MATERIALS PROVIDED: Begin

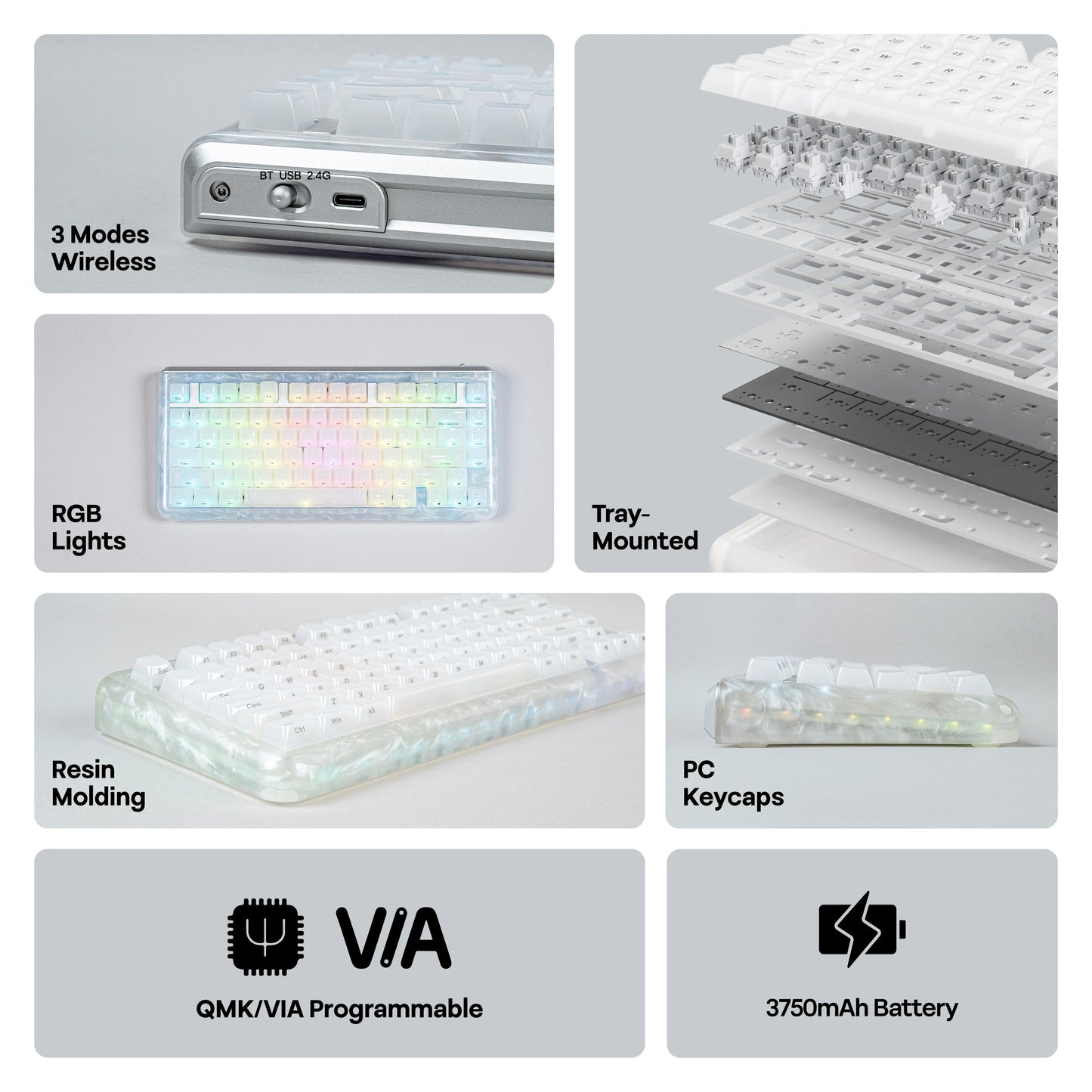75% Wireless Mechanical Keyboard RGB Hot Swap QMK VIA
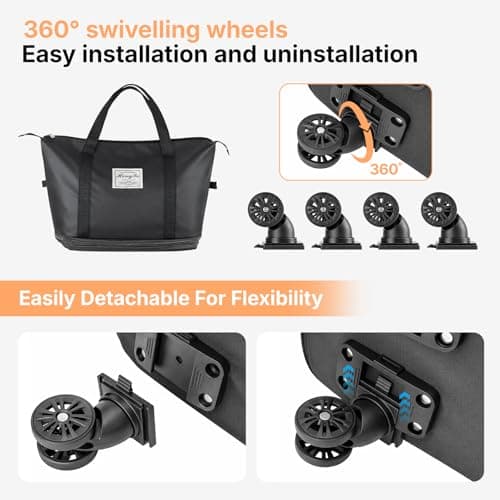 GREENSAPPIRE Travel Bag Travel Duffle Bag with Removable Wheels Expandable — view 4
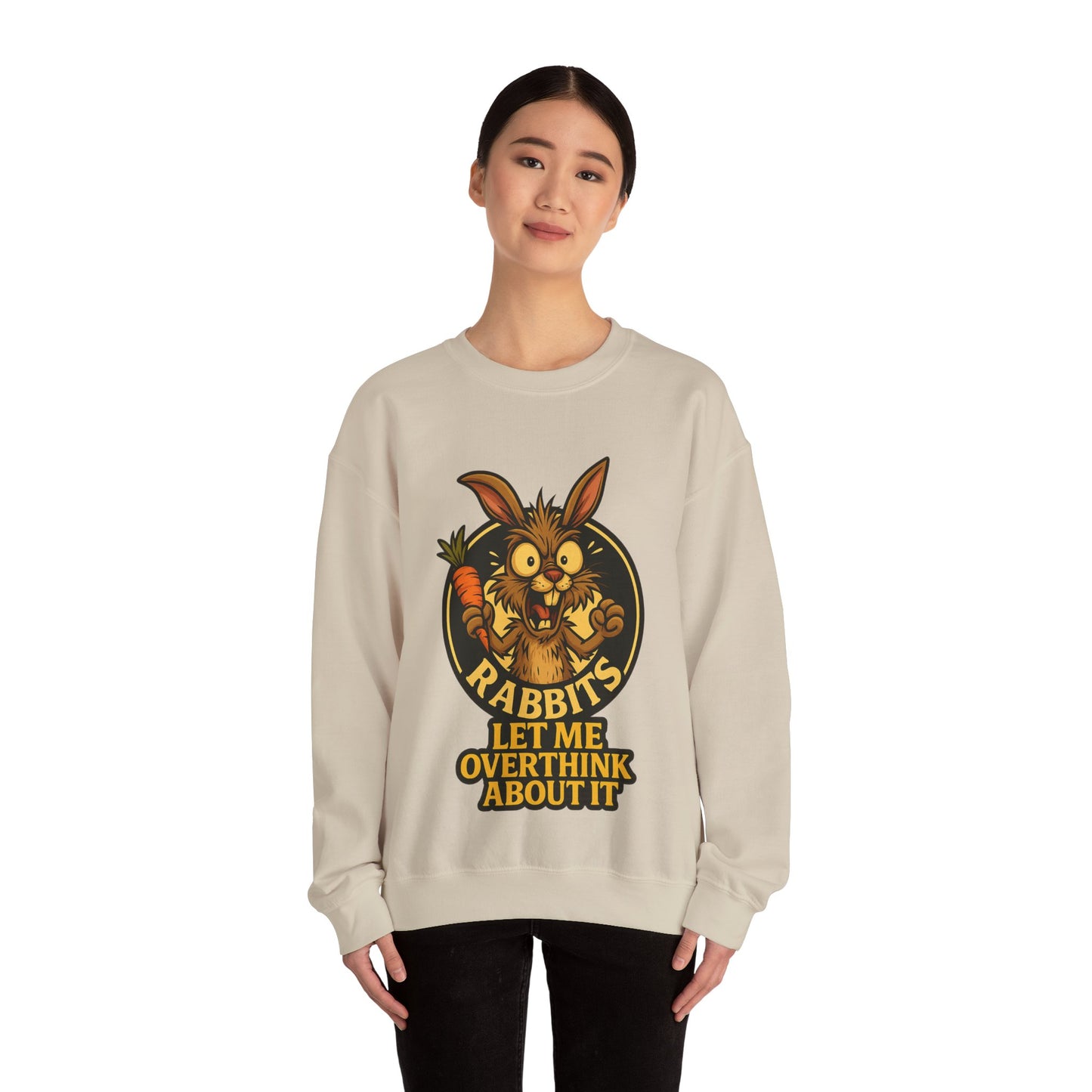 Rabbit Overthinker Crewneck Sweatshirt – "Rabbits Let Me Overthink About It" Graphic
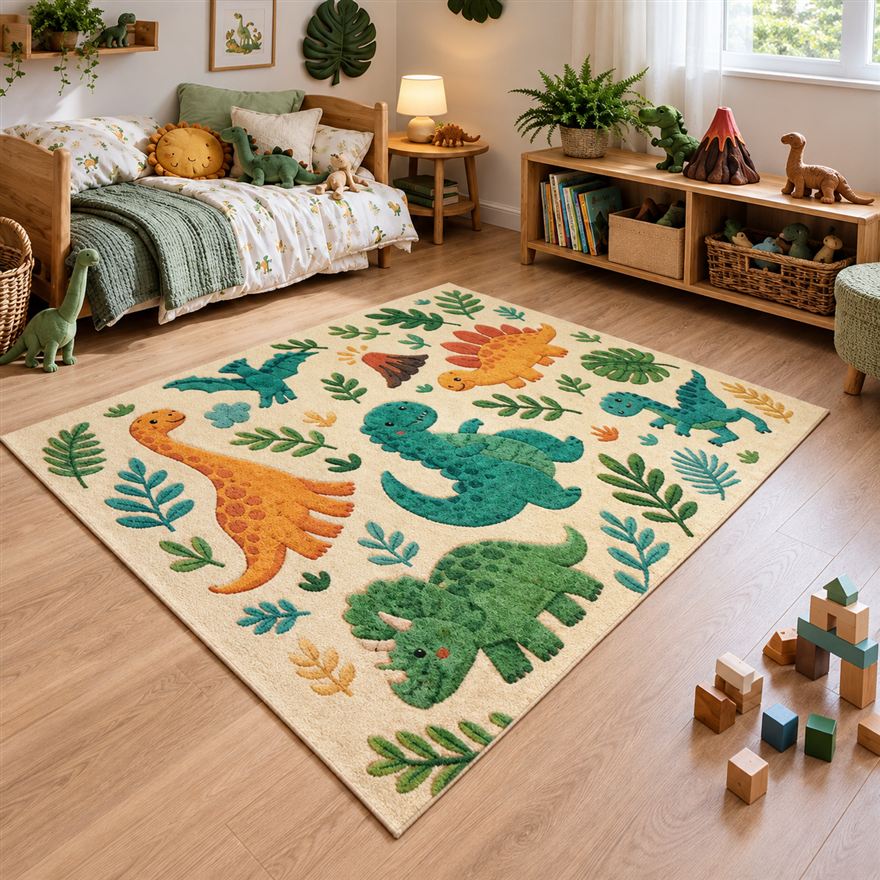 Alfombra decorativa modelo DINO - línea Niños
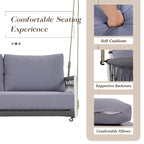 Nestfair Woven Rope Outdoor Swing Sofa with Soft Cushions Seating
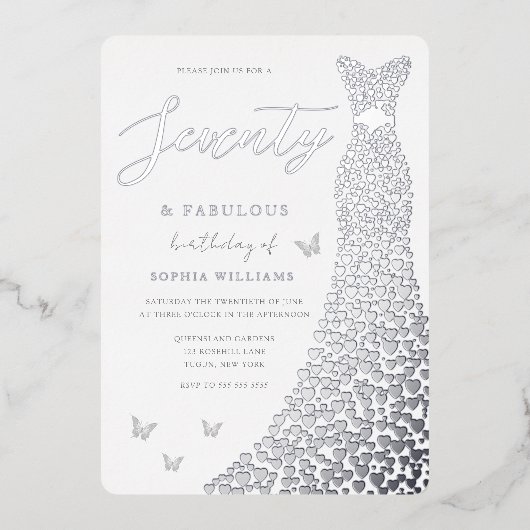 Invitation En Aluminium 70e fête d'anniversaire Silver Foil Coeur Robe Rea (Recto)
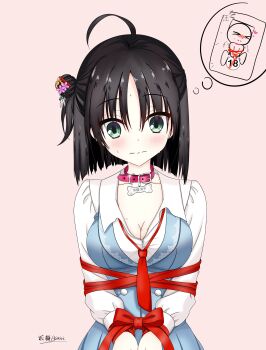 >_< 1girl absurdres ahoge animal_collar black_hair blue_skirt blue_vest blunt_ends blush bob_cut bound bound_wrists bow breasts buttons casual cleavage closed_mouth collar collarbone collared_shirt commentary content_rating cowboy_shot double-breasted embarrassed eyes_visible_through_hair green_eyes hair_between_eyes hair_bun hair_ornament hair_stick half_updo heart highres hitachi_mako imagining large_breasts long_sleeves looking_at_viewer medium_hair name_tag necktie nose_blush official_alternate_costume official_alternate_hairstyle one_side_up pink_background pink_collar pleated_skirt red_bow red_necktie red_ribbon ribbon senren_banka shirt signature simple_background single_side_bun skirt solo speech_bubble straight_hair sweat thought_bubble translated user_kges2285 v_arms vest wavy_mouth white_shirt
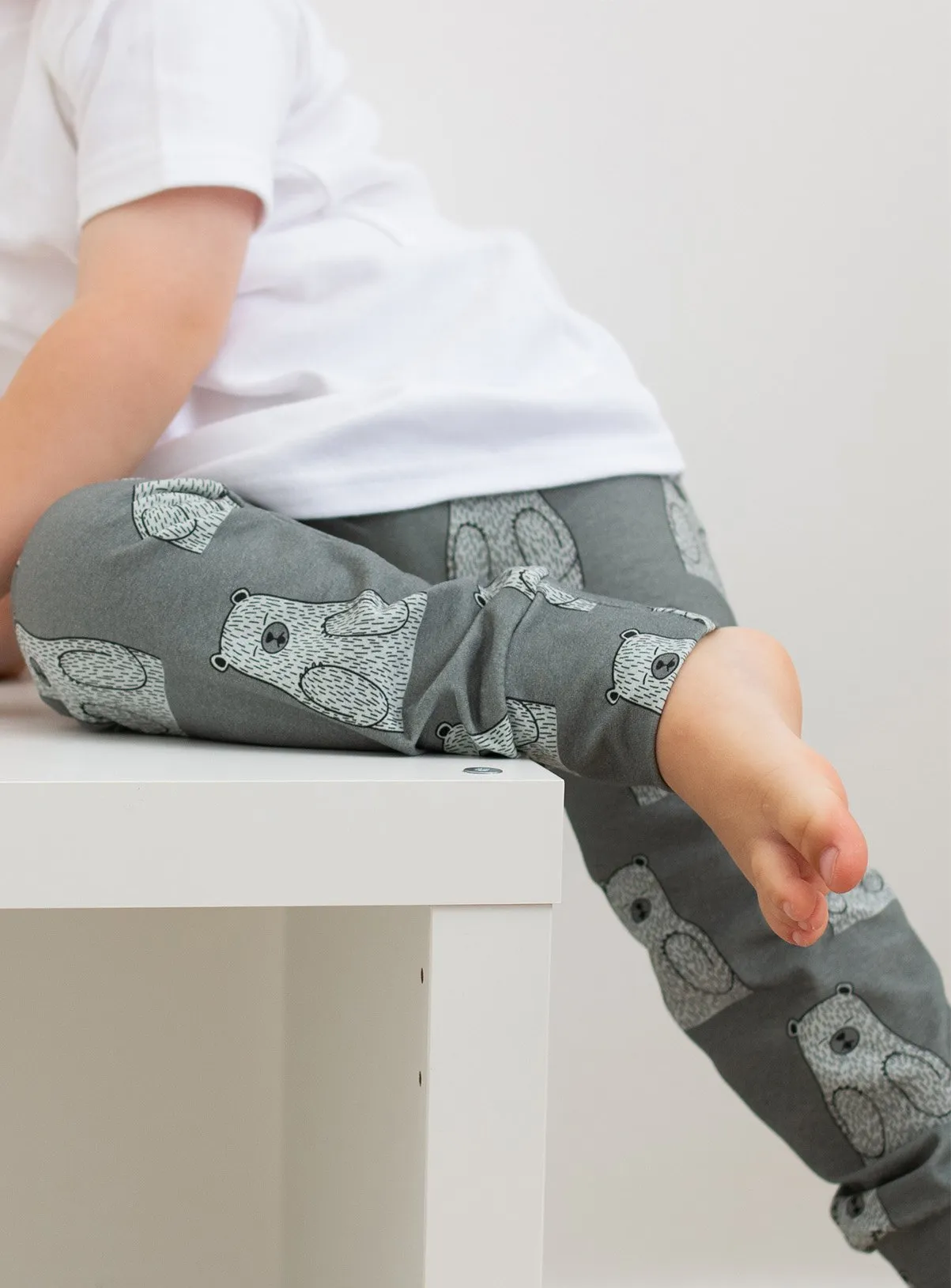 Buy FRED & NOAH Grey Bear Leggings 6-12 Month | Trousers and leggings | Tu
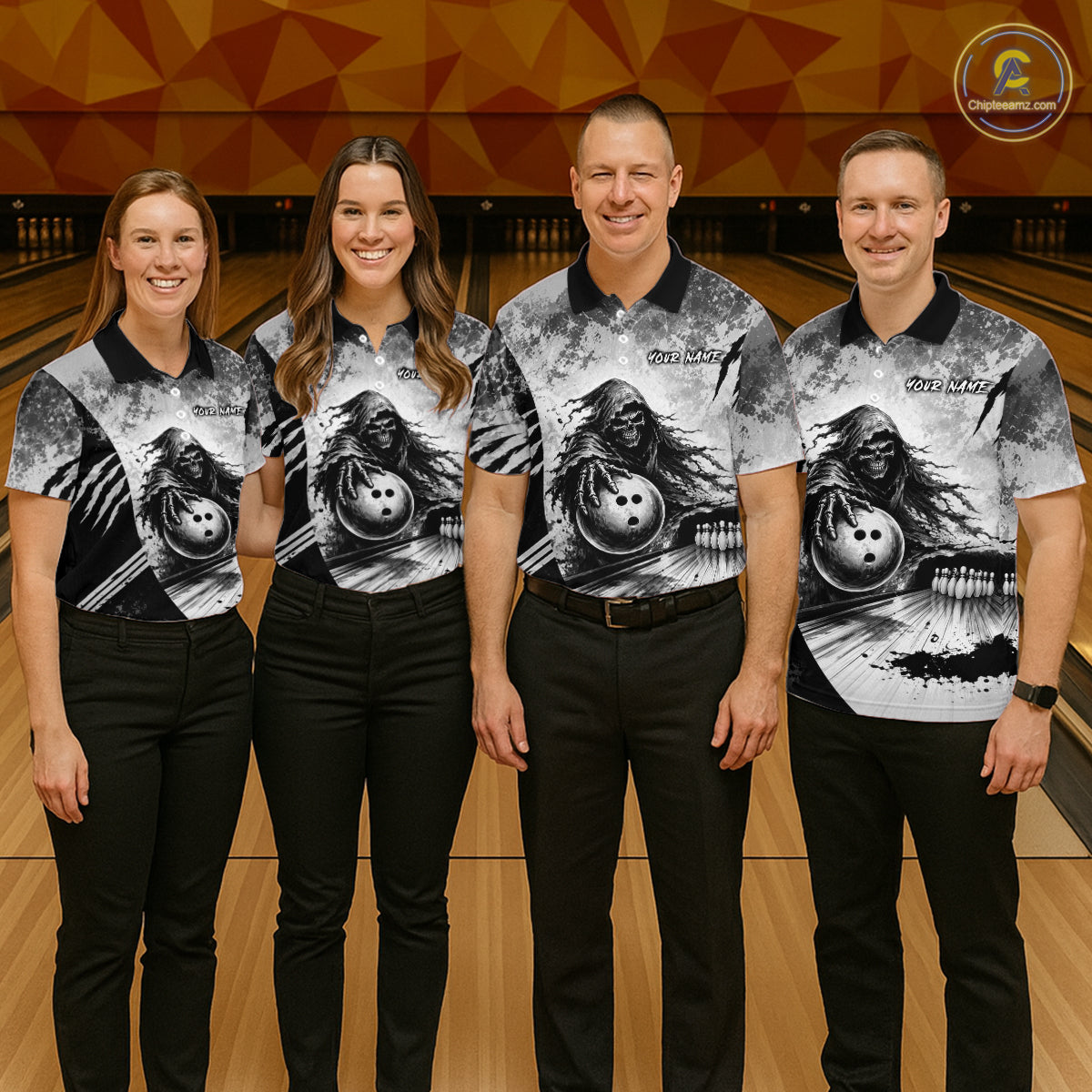 Custom Gray Camo Skeleton Grim Reaper Bowling Women Quarter-Zip Shirt, Halloween Bowling Jersey NBT911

MATERIALS PROVIDED: End

WHAT THE TASK ASKS:
Return word for word the line bearing "Nestfair Woven Rope" and every later line of the entries, but none of the pictures.

OUTPUT FOR THIS EXERCISE:
 Nestfair Woven Rope Outdoor Swing Sofa with Soft Cushions Seating
 Invitation En Aluminium 70e fête d'anniversaire Silver Foil Coeur Robe Rea (Recto)
 >_< 1girl absurdres ahoge animal_collar black_hair blue_skirt blue_vest blunt_ends blush bob_cut bound bound_wrists bow breasts buttons casual cleavage closed_mouth collar collarbone collared_shirt commentary content_rating cowboy_shot double-breasted embarrassed eyes_visible_through_hair green_eyes hair_between_eyes hair_bun hair_ornament hair_stick half_updo heart highres hitachi_mako imagining large_breasts long_sleeves looking_at_viewer medium_hair name_tag necktie nose_blush official_alternate_costume official_alternate_hairstyle one_side_up pink_background pink_collar pleated_skirt red_bow red_necktie red_ribbon ribbon senren_banka shirt signature simple_background single_side_bun skirt solo speech_bubble straight_hair sweat thought_bubble translated user_kges2285 v_arms vest wavy_mouth white_shirt
 Buy FRED & NOAH Grey Bear Leggings 6-12 Month | Trousers and leggings | Tu
 Custom Gray Camo Skeleton Grim Reaper Bowling Women Quarter-Zip Shirt, Halloween Bowling Jersey NBT911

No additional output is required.